• **Extracted records**
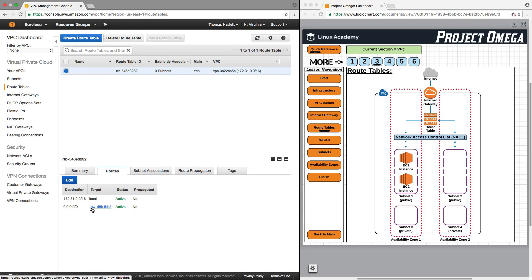So this right here, this connection represents this line right here. This is the connection or the route between the route table and the internet gateway.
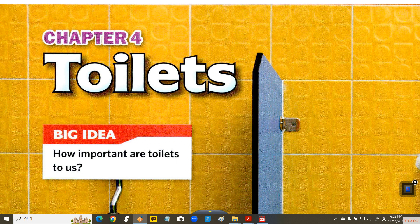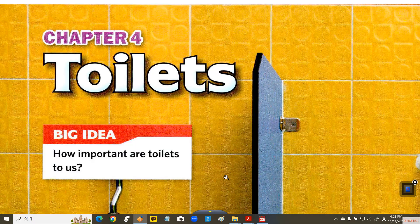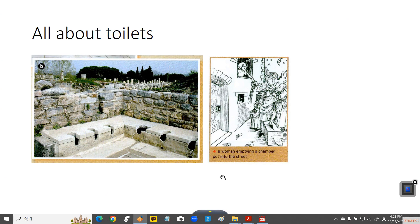Toilets have changed so much. As you can see in the pictures, ancient people used to sit on those kinds of toilets. And other ancestors just threw waste away on the street.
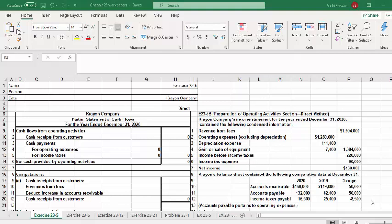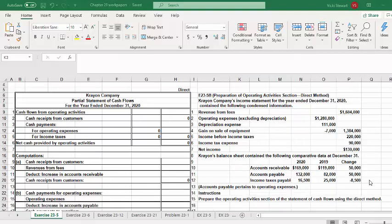This is a demonstration of Exercise 23-5B: preparation of the operating activity section using the direct method. Crayon Company's income statement for the year ended December 31st, 2020 contains condensed information. The balance sheet contains comparative data at December 31st for accounts receivable, accounts payable, and income taxes payable at the end of 2020 and 2019, along with the change in each account. Accounts payable pertains to operating expenses.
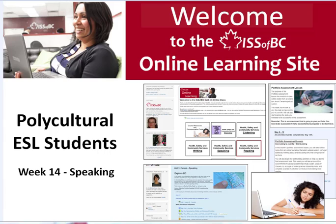Hi, and welcome to the screencast for the Week 14 Polycultural Online ESL course.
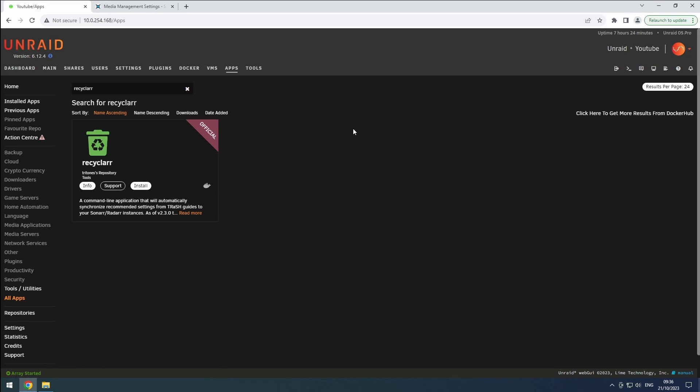Hey everyone, welcome back to the RiffSphere channel. In this video, we will be installing Recyclarr, the powerful tool that simplifies the configuration and maintenance of custom formats in Radarr and Sonarr.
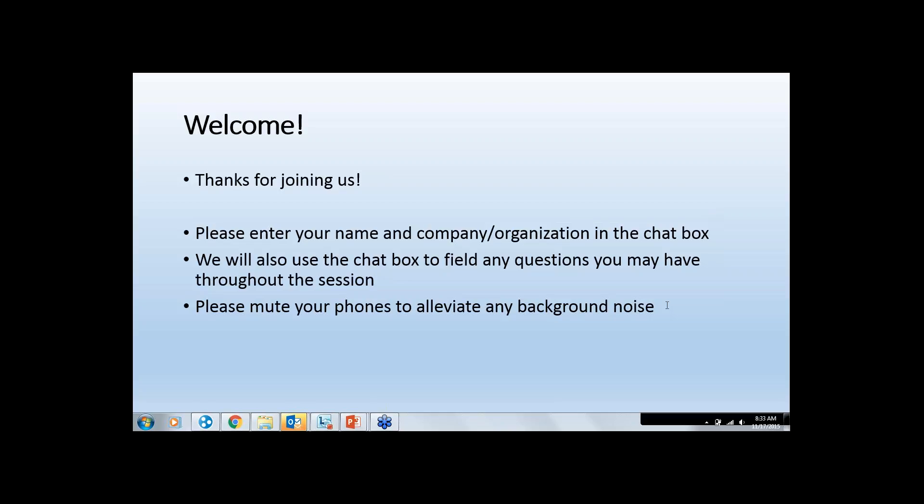We are recording the webinar and will be posting it after today on the Industry Needs You website. We'll provide that link at the end of the presentation, but please feel free to share that information with anybody who wasn't able to join us today.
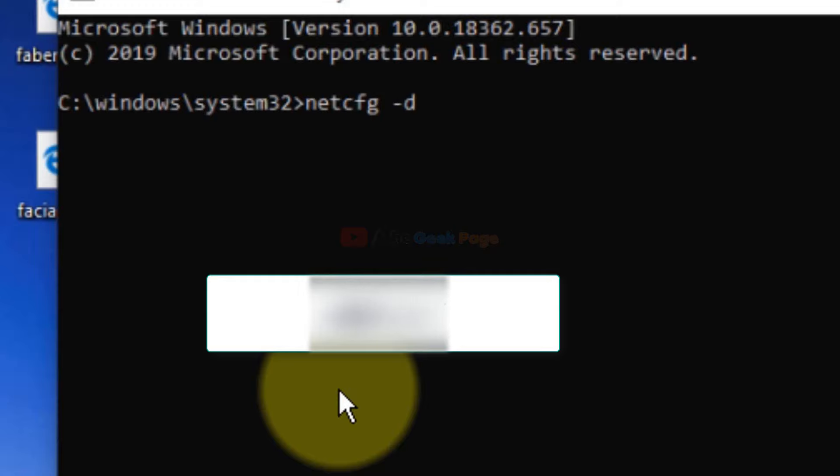When you initially run the command for the first time, a certain error will appear. Don't worry, just type the command again and hit Enter to execute it for the second time.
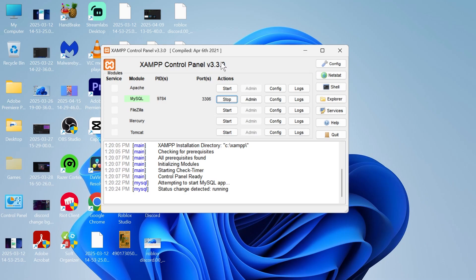Hey guys, in this video I'm going to show you how to fix the error where MySQL shut down unexpectedly when using the XAMPP application.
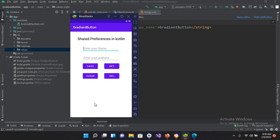We use SharedPreferences in situations where we need to save a username and password. As you can see in many apps, there is a 'Remember Me' button — when you check it, the username and password are saved in SharedPreferences. I think that's all for today. I hope you liked the video — please like, subscribe, and comment. Thank you.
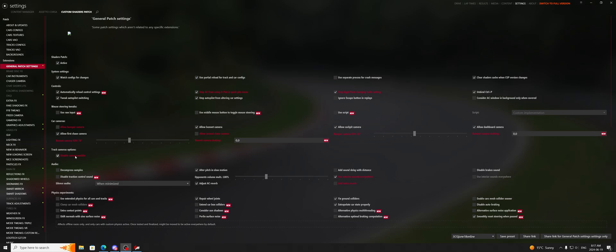Good morning, good evening, good afternoon everybody. Today I'm going to show you how to set up your CSP for low-to-medium spec PCs, and also depending on your GPU and CPU being better or worse, which options you should enable or disable — or at least how to find them.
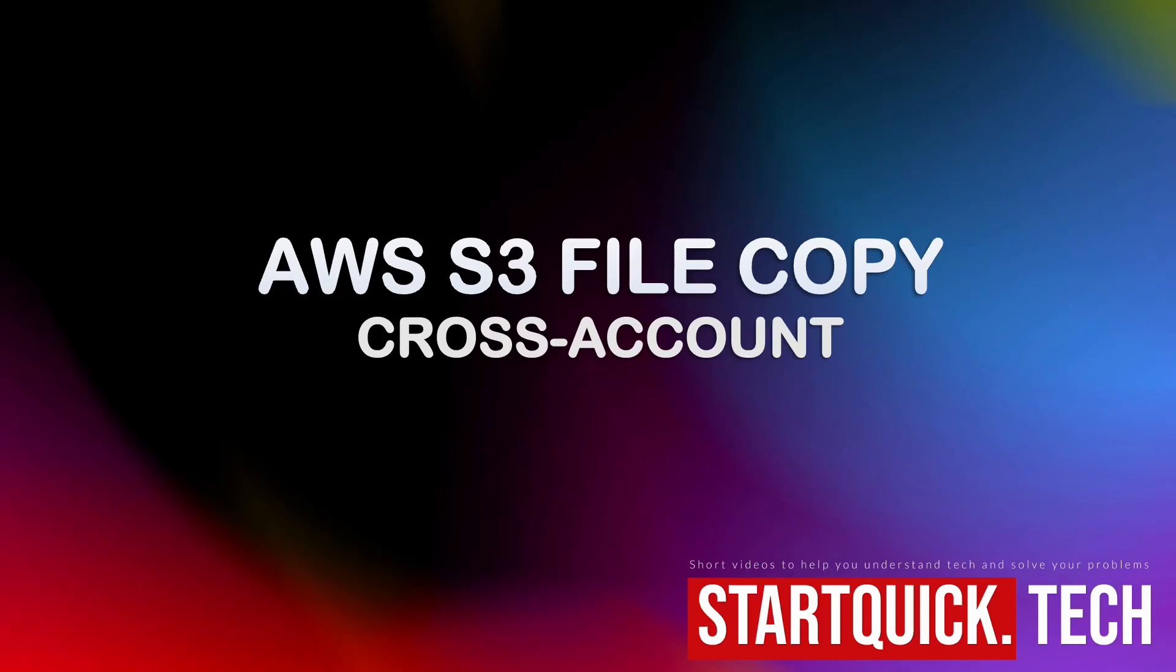Good day everyone, this is Harry from StartQuickTech. Welcome to my YouTube channel. In today's video, I'm going to show you how to copy S3 files from an AWS account to another. Let's get started.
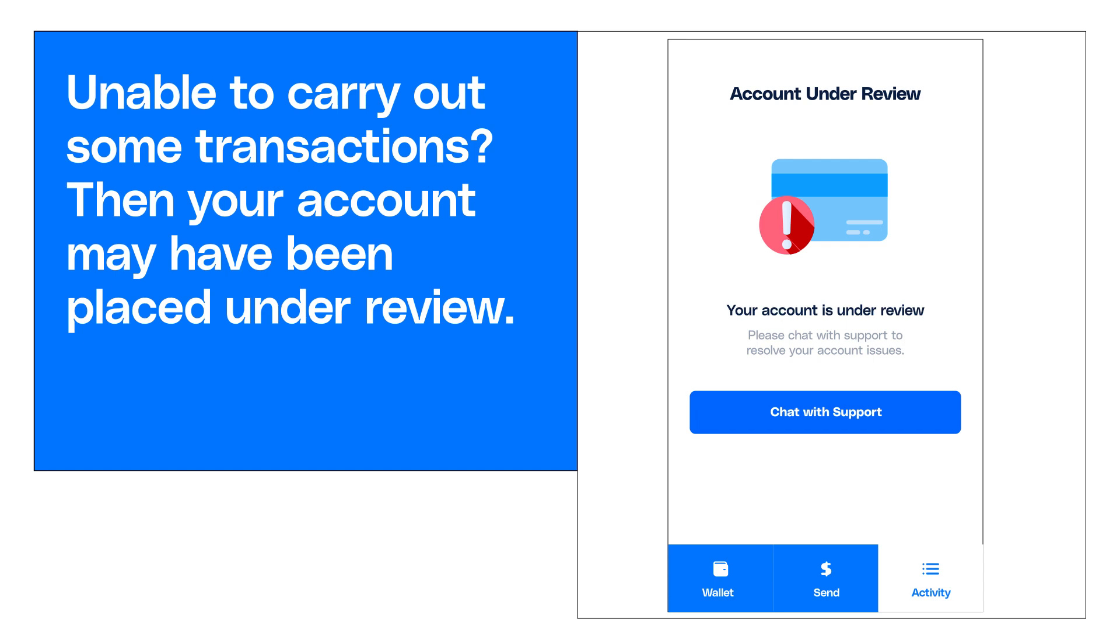At Afreex, we take the security and safety of our users' accounts very seriously. That's why we sometimes place accounts under review for a variety of reasons.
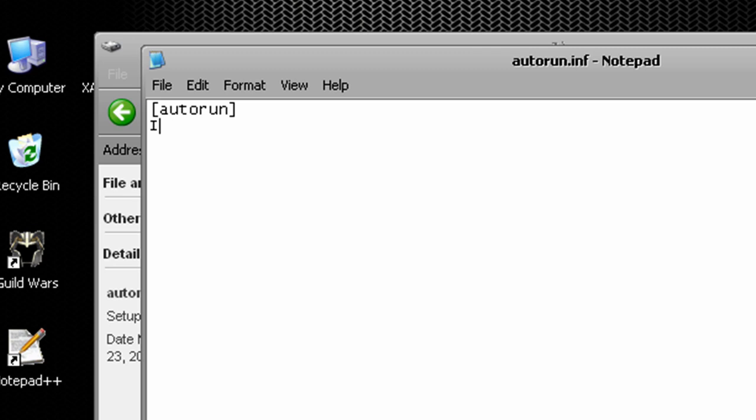And you're going to hit enter and then type in icon equals and then the name of your actual dot ICO picture that you have. It's a dot ICO icon format. So mine is named external_hard_drive.ico. So that's what mine's going to be.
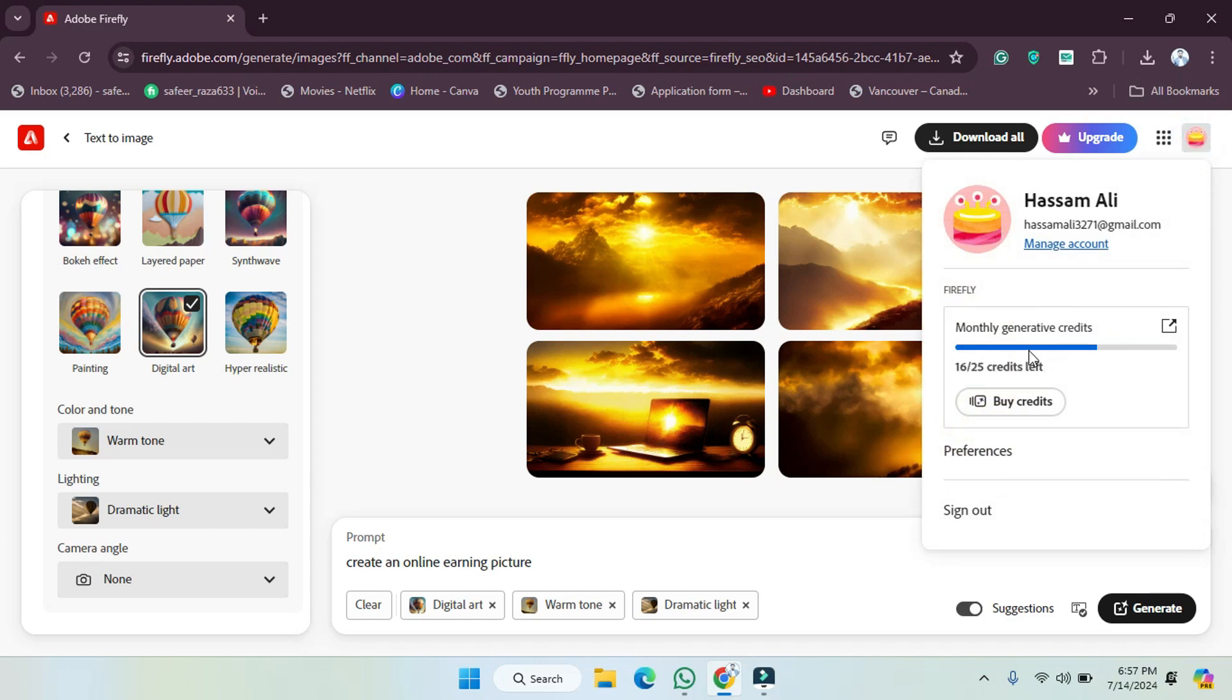As you can see, you'll be able to see the label here, the progress bar here. As you can see, now totally we have 25 credits left and out of 25 we have used 16 credits.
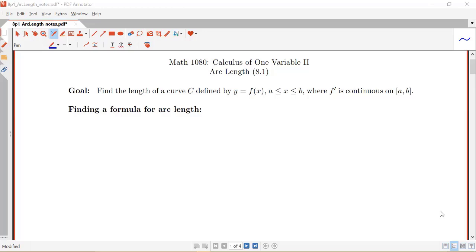In section 8.1, our goal is to find the length of a curve C defined by y equals f of x, where x is between a and b, and f prime is continuous on the interval from a to b.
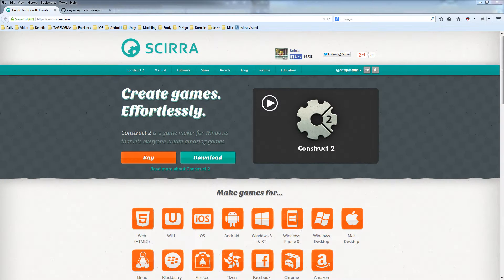Hello Construct2 developers. This is a quick intro on how to publish from Construct2 to the OUYA. We've created a new plugin and I'll show you how to get that set up.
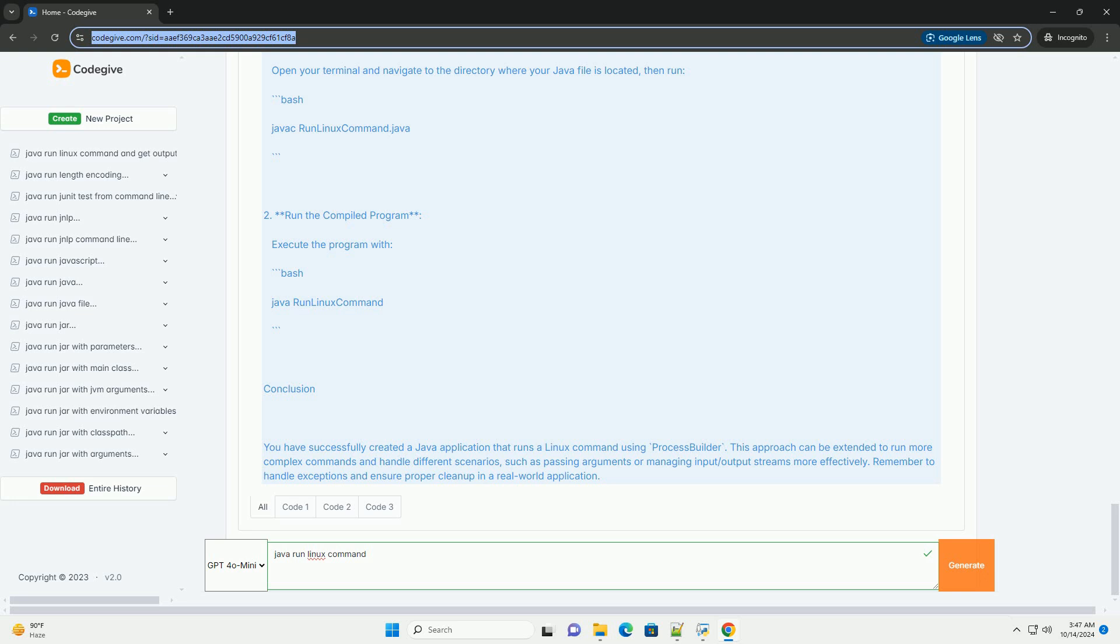Conclusion: You have successfully created a java application that runs a Linux command using ProcessBuilder. This approach can be extended to run more complex commands and handle different scenarios, such as passing arguments or managing input-slash-output streams more effectively.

• **WORK TO BE COMPLETED**
Reproduce the records above from their first line to the line bearing "Hey everyone, welcome", both ends included, leaving every picture out.

• **WRITTEN REPLY**
So this right here, this connection represents this line right here. This is the connection or the route between the route table and the internet gateway.
Toilets have changed so much. As you can see in the pictures, ancient people used to sit on those kinds of toilets. And other ancestors just threw waste away on the street.
This is a demonstration of Exercise 23-5B: preparation of the operating activity section using the direct method. Crayon Company's income statement for the year ended December 31st, 2020 contains condensed information. The balance sheet contains comparative data at December 31st for accounts receivable, accounts payable, and income taxes payable at the end of 2020 and 2019, along with the change in each account. Accounts payable pertains to operating expenses.
Hi, and welcome to the screencast for the Week 14 Polycultural Online ESL course.
Hey everyone, welcome back to the RiffSphere channel. In this video, we will be installing Recyclarr, the powerful tool that simplifies the configuration and maintenance of custom formats in Radarr and Sonarr.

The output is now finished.